Therapy
"Emotionally Immature" Is Not a Diagnosis
Why the “emotionally immature parent” belongs in the dustbin of pop psychology.
Posted April 18, 2025 Reviewed by Tyler Woods
Key points
- The book "Adult Children of Emotionally Immature Parents" is pop psychology and is not research based.
- The book has been distorted on social media and shuts down possible healing and dialogue before beginning it.
- There are other frameworks that can help us understand, heal, and grow.

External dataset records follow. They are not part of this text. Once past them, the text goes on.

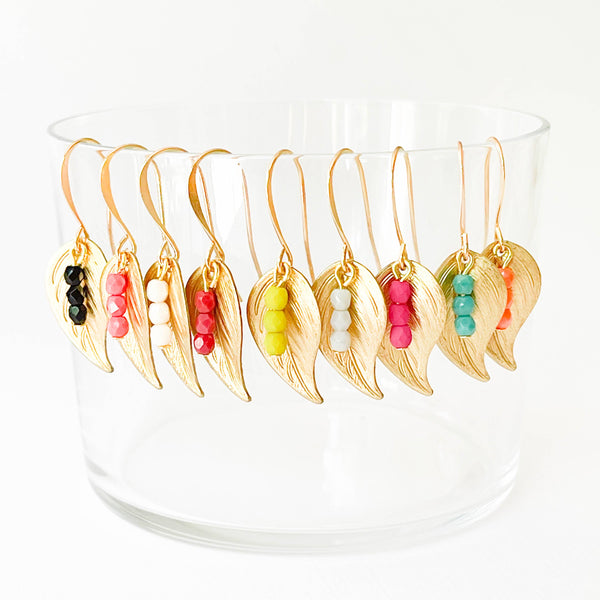 Nest Pretty Things - Small leaf earrings with colorful beads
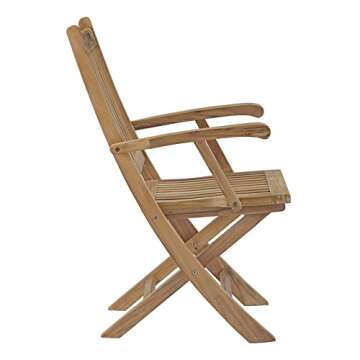 Modway Marina Teak Folding Armchair for Outdoor Spaces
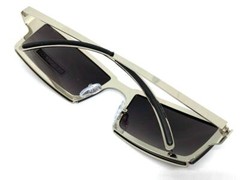 Classy Elegant Sophisticated Contemporary Modern SUN GLASSES Silver Metal Frame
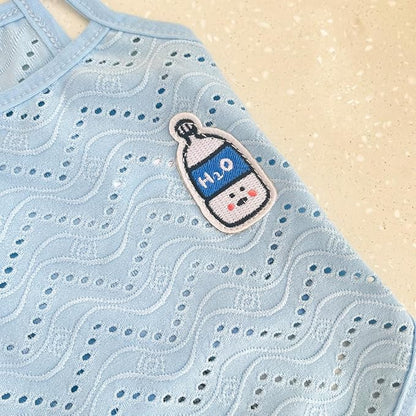 Yanmucy 2 Pieces Dog Summer Clothes Cute Embroidery Dog Striped Tank Top Vest Breathable Puppy Sleeveless Shirt for Small Dogs Cats (Pink+Blue, X-Small)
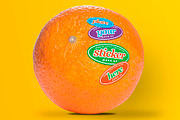 Orange Fruit Sticker/Label Mock Up, a Product Mockup by Little Type Factory (Thumbnail 5 of 7)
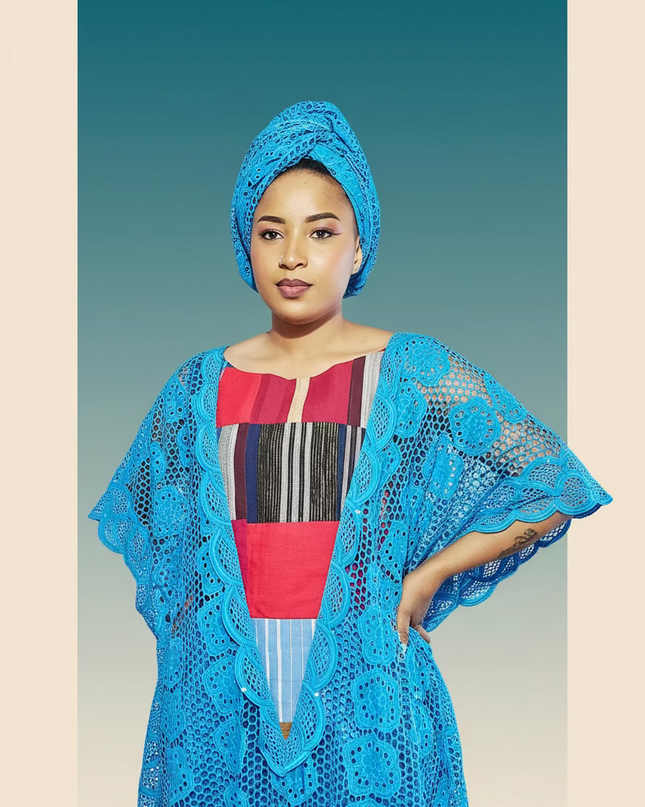 Robe dentelle aso oke - Bleu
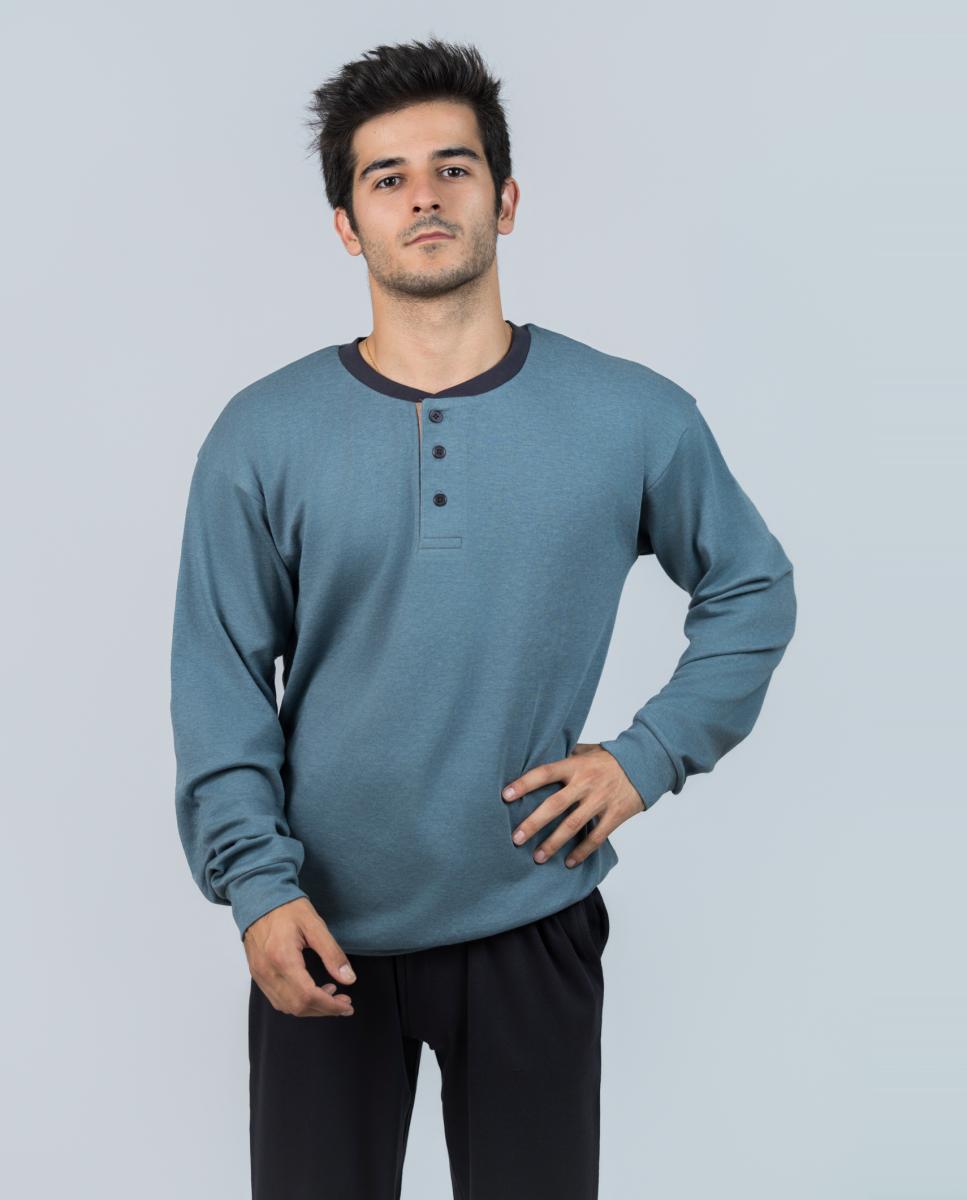 Imagen 0 de Pijama largo de hombre de Interlock en color turquesa azulado Azul marino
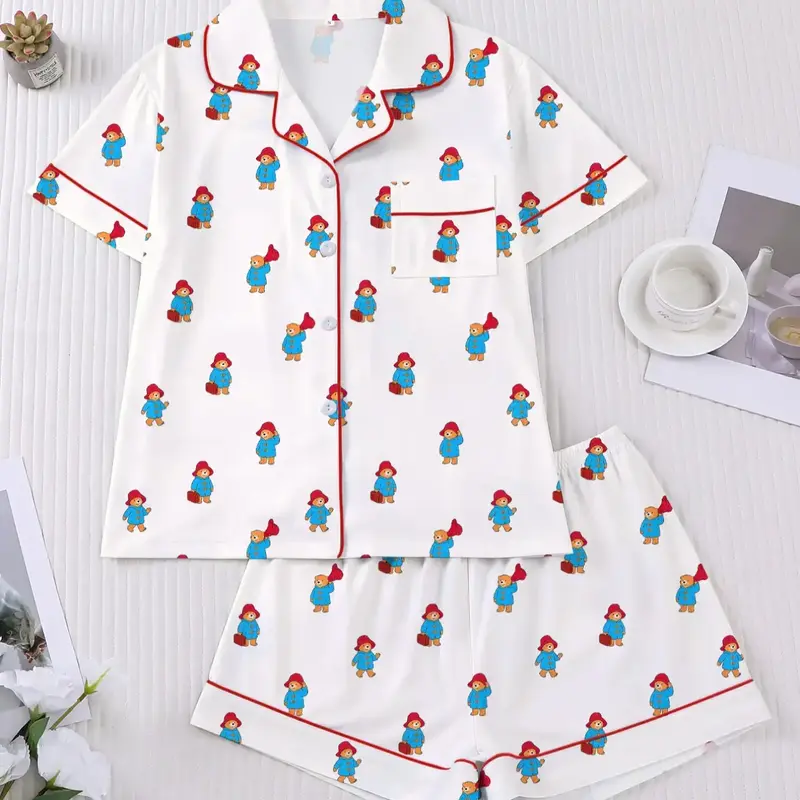 Women's Spring Summer Sleepwear Loungewear Pajamas Set, Bear Floral Print, Casual Fitted Shirt & Elastic Shorts, Valentine's Day Gift, Home Wear, Outfit, Shirt Shorts Pyjama #GLOBAL PICKS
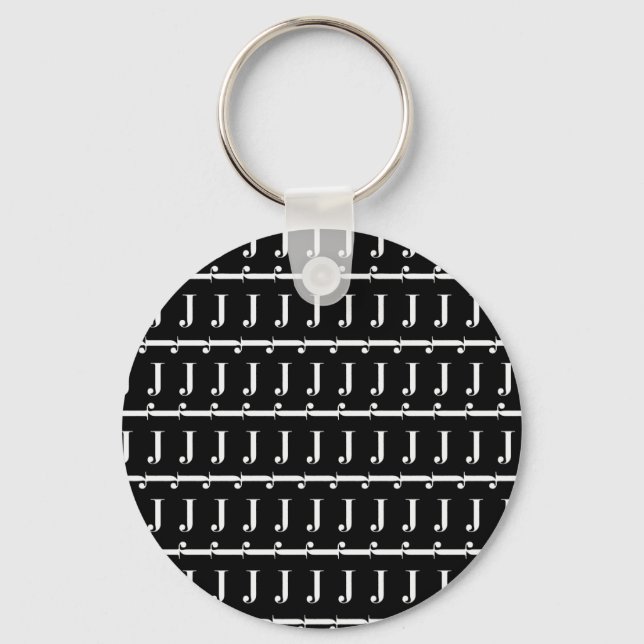 Monogram Initial Letter J Keychain (Front)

- It's healthier for everyone in a family to approach issues with science, empathy, and opportunity.
This post was authored by guest writer Rachel Haack, MA, MFTI, a therapist and consultant in Nevada.
Let’s talk about something that’s been sitting on my mind for awhile, especially as I watch how therapy language is evolving online and showing up in the therapy room.
Adult Children of Emotionally Immature Parents by Lindsay Gibson has become wildly popular. I’m guessing many of you have read it, or at least heard about it. It’s everywhere—shared in Instagram posts, dissected in TikTok reels, recommended in therapy sessions, book clubs, Reddit threads, and covered by the New York Times. And I get why. There’s something profoundly validating about finding language that captures your pain—especially when you’ve spent years trying to make sense of a difficult relationship with a parent.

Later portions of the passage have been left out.